The most relevant issues around the collapse were asked as something of an afterthought. Fianna Fáil’s Michael McGrath wondered why the department had not looked “under the bonnet” of the banks in the summer of 2008, as disaster loomed?
“We believed the regulator had a good picture and a level of stress-testing had been done,” the witness replied. Ah yes, here we go again. Somebody was asleep at the wheel but it wasn’t me.
Delving further back into the halcyon days of the galloping Tiger, Cardiff was asked did he have any concerns about ballooning public spending on the back of receipts from the property bubble. Here, the former senior civil servant said the blame lay to a greater extent with the politicians.
“Everyone decides we see the risks, but we’ll keep spending unless things get bad. The department would have wanted a much tighter fiscal policy than government or opposition and while we would have been more conservative [than the politicians] we weren’t conservative enough.”
But what of the harbingers of doom? Chairman Ciarán Lynch wanted to know why warnings were not acted on.

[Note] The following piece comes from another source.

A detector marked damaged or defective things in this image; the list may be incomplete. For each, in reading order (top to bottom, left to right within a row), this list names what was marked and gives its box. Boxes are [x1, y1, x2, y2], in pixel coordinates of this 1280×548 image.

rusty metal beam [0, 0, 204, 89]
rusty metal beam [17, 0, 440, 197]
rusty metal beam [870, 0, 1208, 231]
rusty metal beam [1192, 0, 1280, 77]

“Most people who saw the crash coming saw it too late to be in a position to undo most of the damage and even those who had an inkling that things were now in a dangerous place by 2006, the quandary then was how do you climb down off the cliff without a crash.”

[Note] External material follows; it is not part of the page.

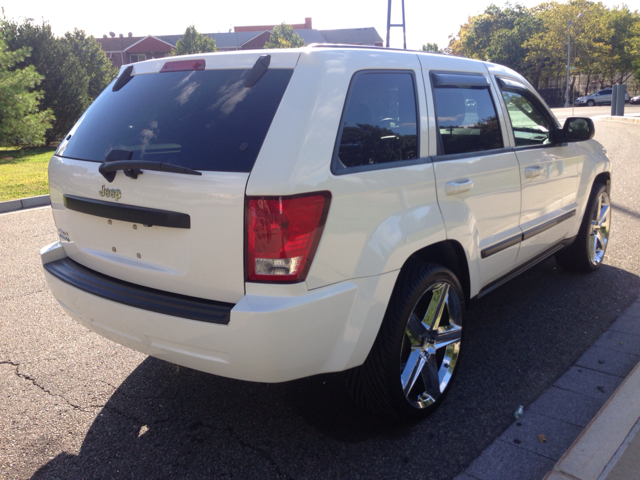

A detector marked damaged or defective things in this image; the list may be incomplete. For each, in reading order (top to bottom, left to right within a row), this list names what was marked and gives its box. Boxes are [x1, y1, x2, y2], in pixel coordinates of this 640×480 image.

crack in asphalt [0, 360, 105, 412]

That told more than any drama about the guarantee. The serious damage was done by 2006, and for up to two years after it was head-in-the-sand stuff because the truth was too awful to bear.
Cardiff’s other contribution was to give a first-hand account of how Ireland was forced into the Troika bailout in November 2010. He confirmed the ECB did their best to threaten with a smile, and the US treasury secretary Tim Guithner insisted that the bailout include shelling out to the gambling bondholders.
This stuff is shocking in its contempt for democracy, and some form of redress, or at least acknowledgement, should be sought. Cardiff also pointed out that a bailout was inevitable.
During his appearance at the inquiry, Honohan said that the bailout ensured less, rather than more, austerity. Cardiff’s analysis appears to concur. But let’s not allow facts get in the way of political rhetoric that casts the Troika as the font of austerity. A whodunnit needs plenty of villains to maintain the suspense.